Why am I not working, you ask? It’s because my story has entered a very important stage: beta reading. Beta reading was a foreign concept to me when I first started trying to write years ago. It wasn’t until I had a working draft of Origins and began researching what to do next that I came across the term. In a nutshell, beta readers are an author’s testers. They’re typically the first ones to read a completed manuscript and offer constructive feedback to the author.
Many authors find it difficult to find good, reliable beta readers. I had this part easy. For anyone who knows my history, you’ll know about the fancy high school I attended. For anyone who doesn’t, it’s called the Indiana Academy for Science, Mathematics, & Humanities, and it’s located on Ball State University’s campus. It’s a prestigious school, with incredibly high standards. I received a top-notch education there. So, when I needed beta readers, I knew exactly where to find them. I belong to the Academy’s alumni Facebook page, and that’s where I posted my request. I got more responses than I could handle. Two of them were from people I actually know, which was pretty awesome. I chose a handful of others based on their additional education, their interests, and how well I thought they could handle the project. They received the same education I did, so I knew they were up the challenge.

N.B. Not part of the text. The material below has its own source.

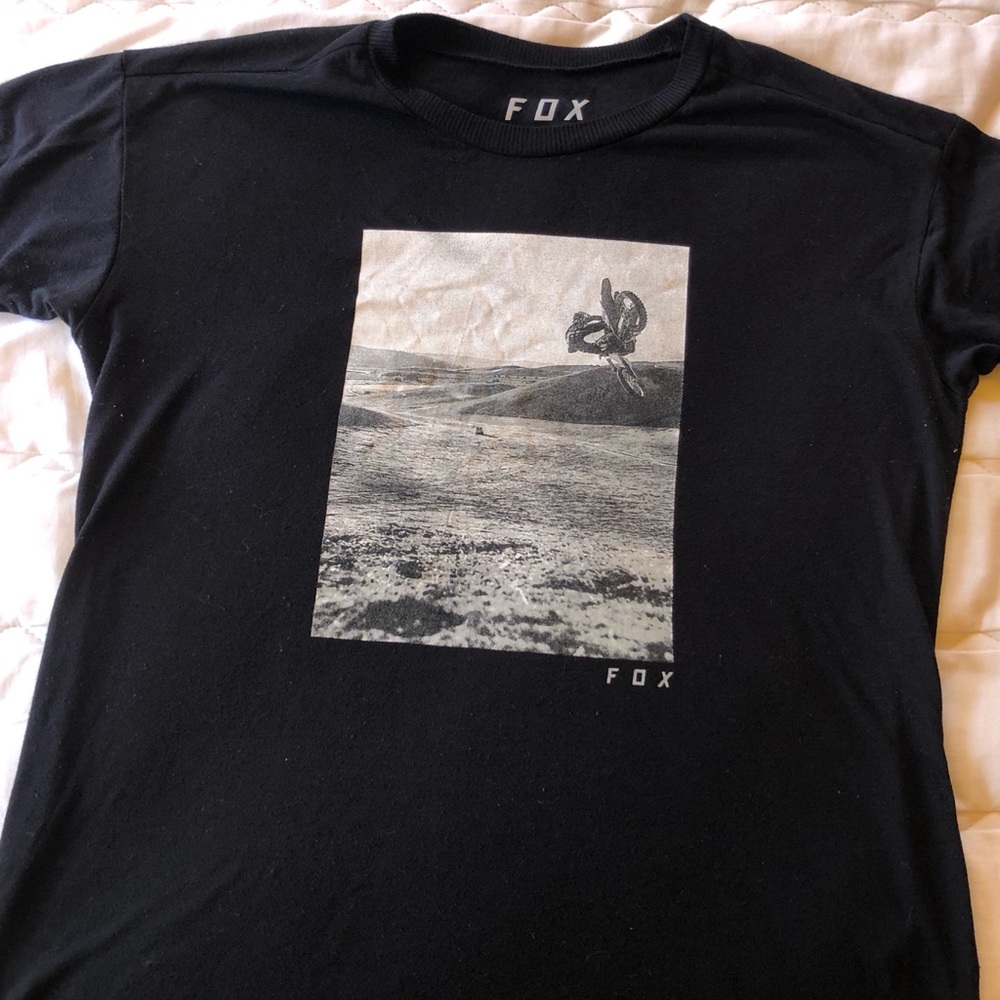 Woman’s Fox racing Tee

I started with 6, but ended up with only 4. During the process I lost 2, simply because they stopped responding to my messages and I never heard from them again. Their loss. My beta readers were everything I hoped for. They were perceptive, and concise, and found things in Origins I had no idea were there. I’m not going to lie. Receiving good feedback is tough. I read them all in one day, and spent the rest of the day crying and depressed. There were so many things I needed to fix. Plot holes, character behavior that made no sense, places of confusion that I understood but none of them did. I had read other authors’ accounts and thought I was prepared for how hard it would be, but I wasn’t.

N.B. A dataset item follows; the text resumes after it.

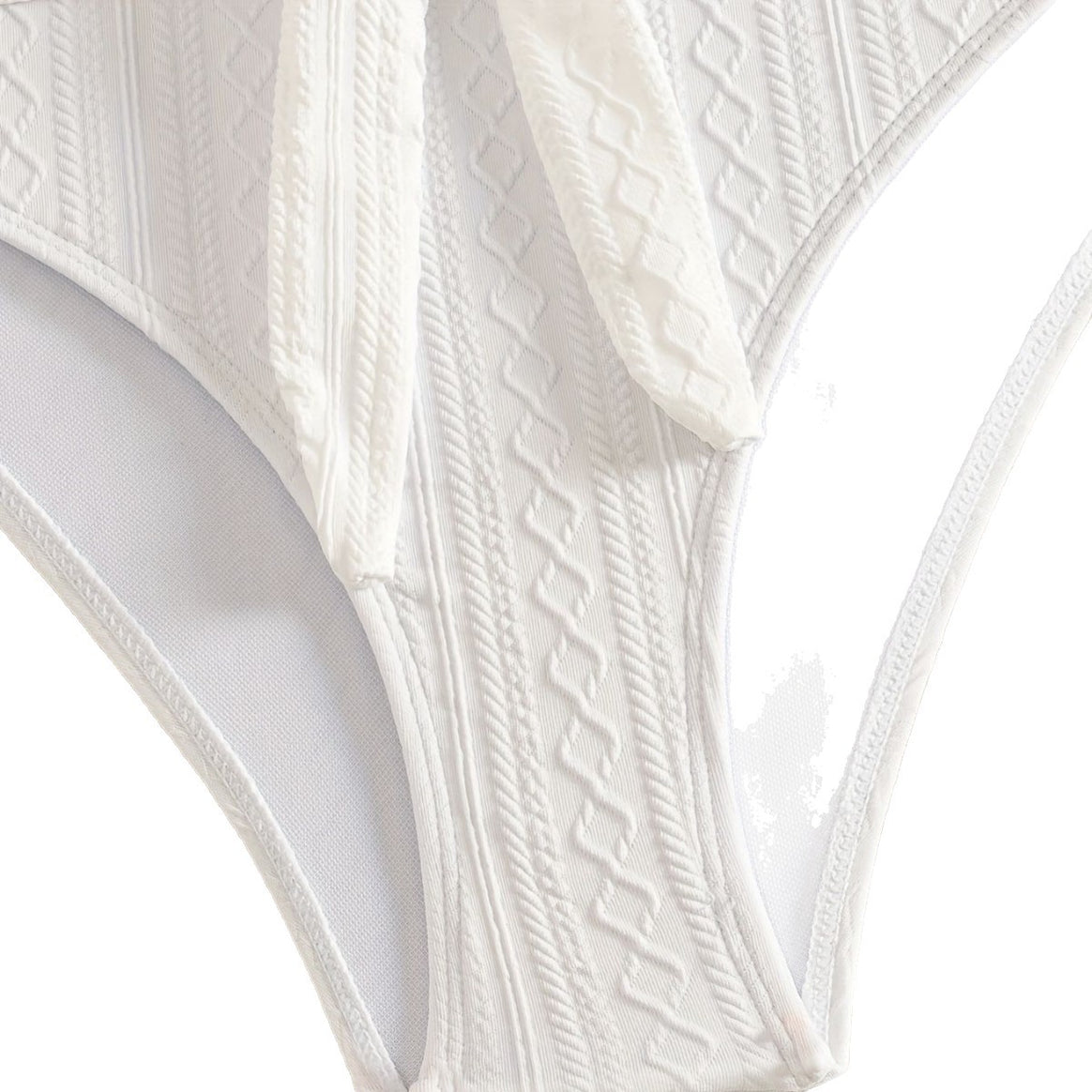 Ladies Two-Piece Bikinis with High-Cut Waist Mune Fashion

Now it’s beta reading time again, this time for my young adult project. I hadn’t spoken to my beta readers in about 8 months, but when I sent out the emails, 3 out of 4 of them were eager to help me again. Those emails went out last friday, and they have a month to read my story and get their feedback to me. I’m nervous. As I’ve said, I’m not very good at editing myself. I’m counting on them to identify the problem areas that need to be ironed out before I begin approaching agents, which is a pretty tall order.
Until then, my time is my own. I’ve been finishing up the library books I had to renew and binging shows on Netflix, and it’s been really nice. There are a few small things I may work on between now and then, but I have a feeling I’ll have a hard time concentrating on anything new until the reading time is up.